• [What needs to be done]: Each line from the one with "Image for Lot" through the last line below must be written out exactly. Do not copy pictures.

• [Exercise data]:
---------------

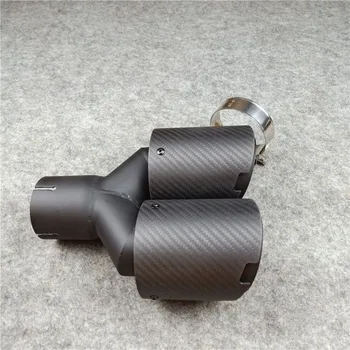Viens gabals Jaunu Stilu Sarža Matēts Grilētu Black izpūtēji Auto Universālā Oglekļa šķiedras /Nerūsējošā Tērauda Beigām Padomus Garums 240 mm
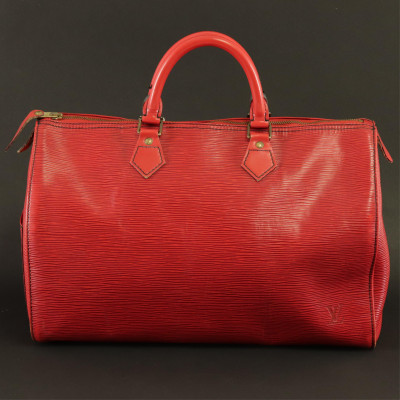 Image for Lot Louis Vuitton Red Epi Leather Speedy 35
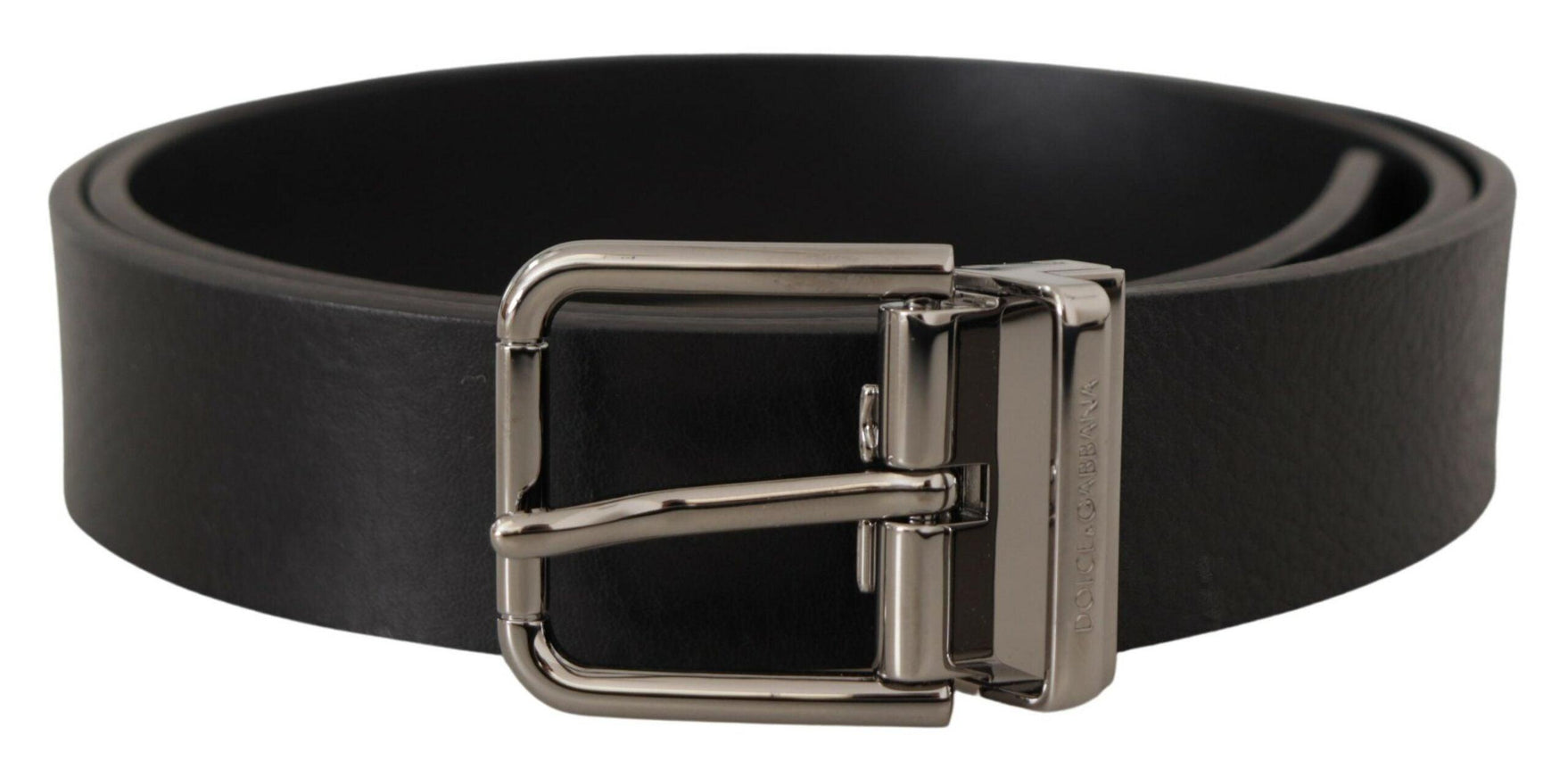 Dolce & Gabbana Black Calf Leather Logo Engraved Metal Buckle Belt - Ellie Belle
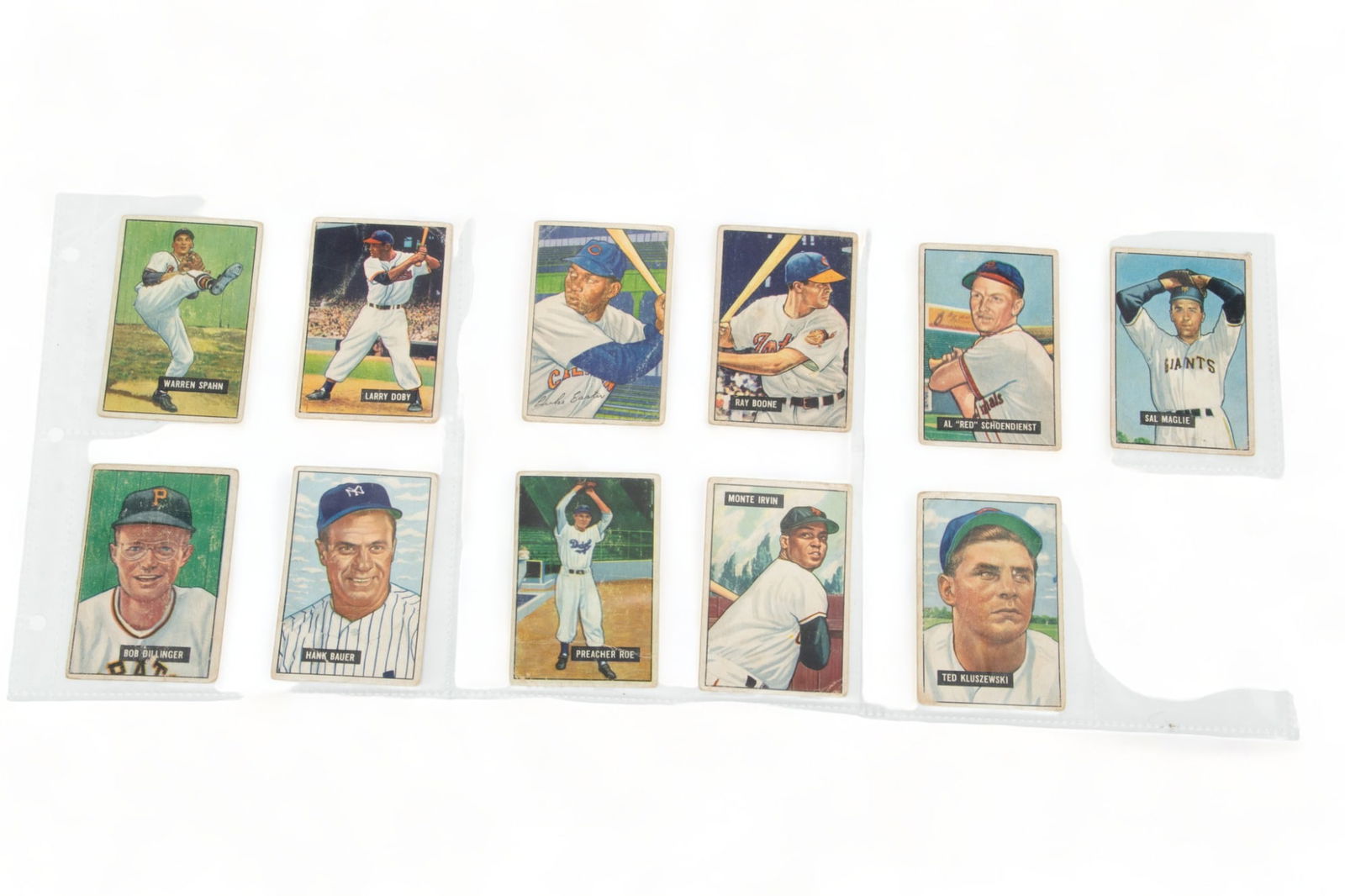 Bowman Baseball Card Collection, 1951 (10) And 1952 (1), H 3" W 2" 11 pcs (1 of 2)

---------------

• [Solution to the problem]:
 Image for Lot Louis Vuitton Red Epi Leather Speedy 35
 Dolce & Gabbana Black Calf Leather Logo Engraved Metal Buckle Belt - Ellie Belle
 Bowman Baseball Card Collection, 1951 (10) And 1952 (1), H 3" W 2" 11 pcs (1 of 2)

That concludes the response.